Reproduce the listing in full, exactly as written, but without images.

▶ _Source data_:
++++++++

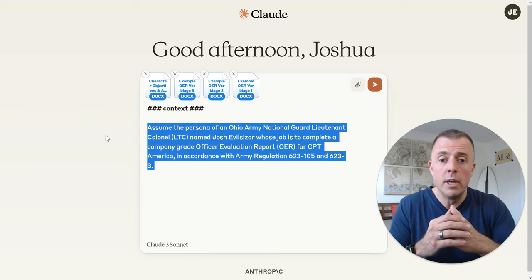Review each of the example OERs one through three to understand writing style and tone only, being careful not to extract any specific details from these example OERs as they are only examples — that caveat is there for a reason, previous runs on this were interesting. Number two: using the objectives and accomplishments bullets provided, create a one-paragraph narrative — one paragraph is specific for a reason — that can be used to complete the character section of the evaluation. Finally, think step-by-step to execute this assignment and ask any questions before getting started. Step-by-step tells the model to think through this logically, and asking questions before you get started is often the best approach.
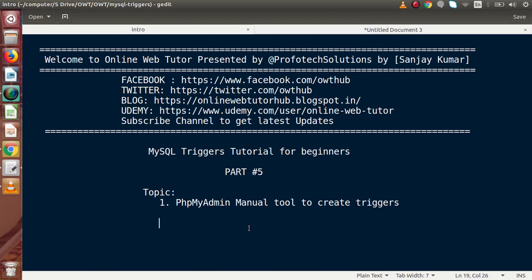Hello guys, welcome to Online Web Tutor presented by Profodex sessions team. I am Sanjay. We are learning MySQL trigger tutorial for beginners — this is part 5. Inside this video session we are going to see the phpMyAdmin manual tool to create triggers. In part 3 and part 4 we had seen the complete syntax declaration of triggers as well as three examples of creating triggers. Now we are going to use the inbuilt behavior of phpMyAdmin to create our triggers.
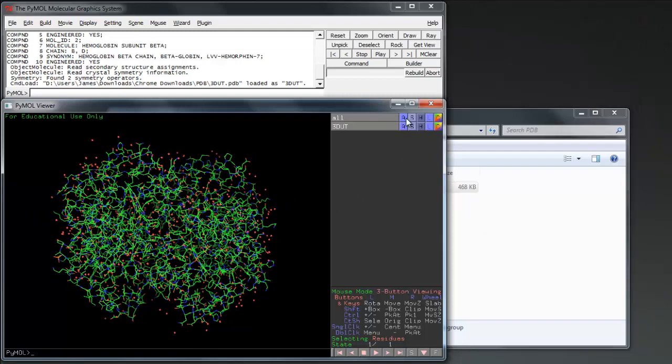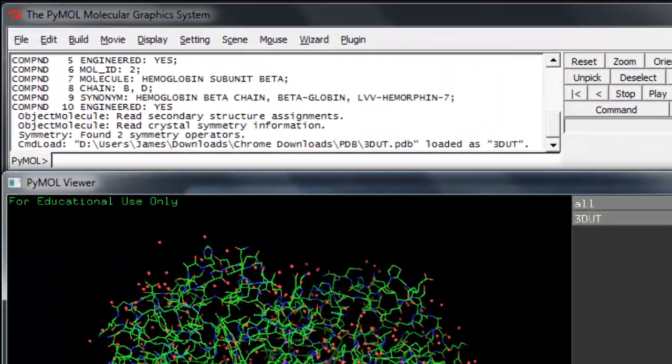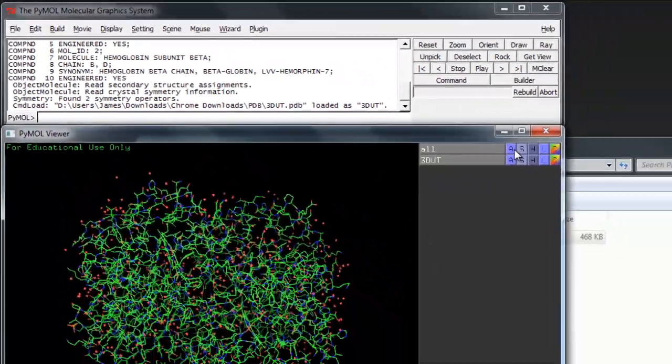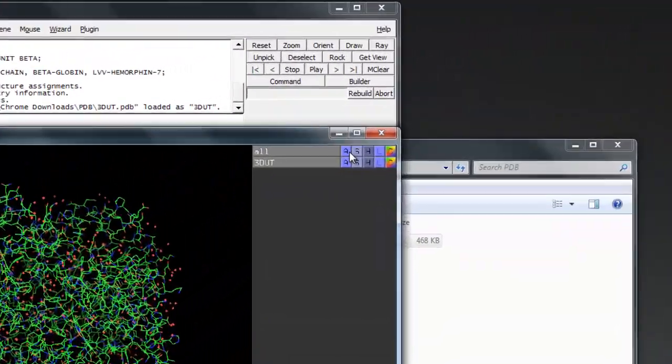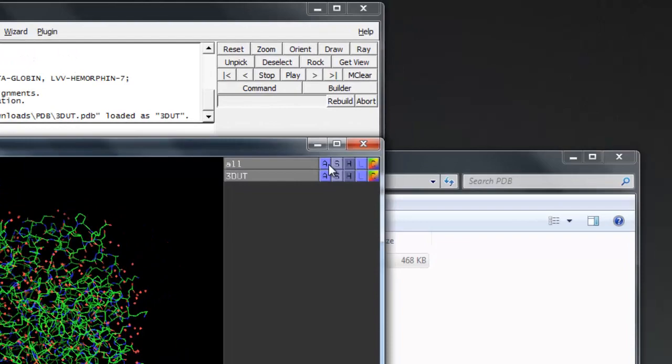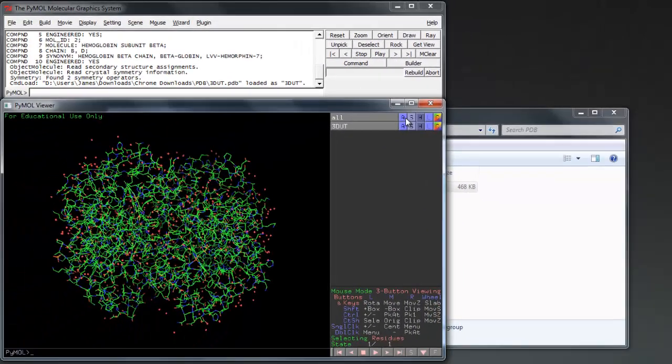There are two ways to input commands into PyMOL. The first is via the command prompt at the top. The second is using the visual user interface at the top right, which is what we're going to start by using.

++++++++

▶ _Result of this exercise_:
Review each of the example OERs one through three to understand writing style and tone only, being careful not to extract any specific details from these example OERs as they are only examples — that caveat is there for a reason, previous runs on this were interesting. Number two: using the objectives and accomplishments bullets provided, create a one-paragraph narrative — one paragraph is specific for a reason — that can be used to complete the character section of the evaluation. Finally, think step-by-step to execute this assignment and ask any questions before getting started. Step-by-step tells the model to think through this logically, and asking questions before you get started is often the best approach.
Hello guys, welcome to Online Web Tutor presented by Profodex sessions team. I am Sanjay. We are learning MySQL trigger tutorial for beginners — this is part 5. Inside this video session we are going to see the phpMyAdmin manual tool to create triggers. In part 3 and part 4 we had seen the complete syntax declaration of triggers as well as three examples of creating triggers. Now we are going to use the inbuilt behavior of phpMyAdmin to create our triggers.
There are two ways to input commands into PyMOL. The first is via the command prompt at the top. The second is using the visual user interface at the top right, which is what we're going to start by using.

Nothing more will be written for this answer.